Valle (6-1, 170) is on the 40-man roster and likely headed to Reading. Worth noting: Valle played in Mexican Pacific League last fall and hit .175 in 80 at-bats. The 28 strikeouts are a little worrisome.
Jordan got a chance to see the shortstop play in Venezuela in the offseason. He liked what he saw - with the bat and the glove.
"Freddy couldn't have played better," he said. "We think he'll be a good major league player. Defensively, he's ready to play in the major leagues now. Offensively, sure, he has to continue to develop. Freddy's a strong kid, stronger than you might think. And he's very intelligent young player."
Galvis (5-10, 170) hit .298 in 33 games last season at Triple A Lehigh Valley after opening the season strong at Reading. Jimmy Rollins is back with the big club, so Galvis likely will start at Triple A this season.
The Phils took the powerful 6-1, 230-pound outfielder with the 39th overall pick last June, but he didn't sign until August. Greene worked out with the Gulf Coast League team late last season and spent time in the Florida Instructional League, but a tender groin limited his time on the field. So he remains a bit of an unknown. As a senior last year at Berrien High School in Nashville, Ga., he hit .562 in 30 games with 19 homers.
"He has the materials to have game-changing power from the left side of the plate," said Jordan, who scouted Greene with the Orioles. "He has power to all fields. I'll tell you, real power is hard to find. We think he has it. The challenge now is to make sure he's healthy, get him in shape, and we'll see what happens in spring training."
Meaning the Phils aren't sure where he'll start the season. Possibly Class A Lakewood.
The big lefthander from Germantown Friends had a strong second half at Lakewood last season.
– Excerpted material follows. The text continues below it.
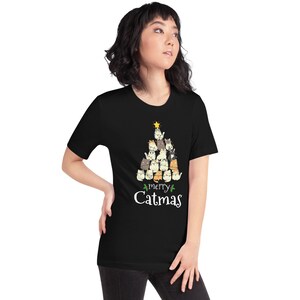 Merry Catmas Shirt, Merry Catmas Christmas Tree Shirt, Funny Christmas Shirt, Christmas Shirts, Holiday Shirt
He finished the year 7-8 with a 2.98 ERA with 124 strikeouts and 66 walks in 133 innings. Biddle was hexed, it seemed, by one bad inning that would taint an otherwise decent start.
"I think it's a matter of building on the momentum he had with his strong finish last year," Jordan said of the Phillies' 2010 first-round pick. "He's a big kid who can pitch and he has a good arm. He has a breaking ball, a changeup, all the things you look for. Now it's a matter of him working on his mechanics."
Count on Biddle to start at Clearwater.
* Somehow, righthander Brody Colvin remains on several top-prospect lists. Baseball America recently listed him as the Phillies' No. 8 prospect. MLB.com has him third. Colvin was only 3-8 with a 4.71 ERA in 22 appearances at Clearwater last year.
"Oh, yeah, he's still on the radar," Jordan said, with a touch of emphasis. "With Brody, it's not so much his stuff. He has good stuff. At times [last season], he just lost his command, so he just needs to get his confidence back. He has a good arm; he's healthy.
"The key is to get him off to a good start. Again, we don't know where that will be yet."
Meaning he could start the season in Clearwater to get some confidence-building work.
* Outfielder Tyson Gillies was the prize in the deal that sent Cliff Lee to Seattle in 2009. Hamstring and foot injuries limited him to only 31 games at three levels in the last two seasons (only three at Clearwater last summer).
He played in the Arizona Fall League this offseason and the results: .178 in 90 at-bats, one homer and 24 strikeouts.
"He didn't have a lot of success," Jordan noted.
So the team paired him with minor league hitting coordinator Steve Henderson at a recent minicamp in Clearwater to work on his approach.
"What I saw with Tyson was encouraging," Jordan said. "He's a physical, strong, fast young man. An exciting player to watch. Another thing is that he's 100 percent healthy, and he's going into spring training healthy, so he's still on the radar."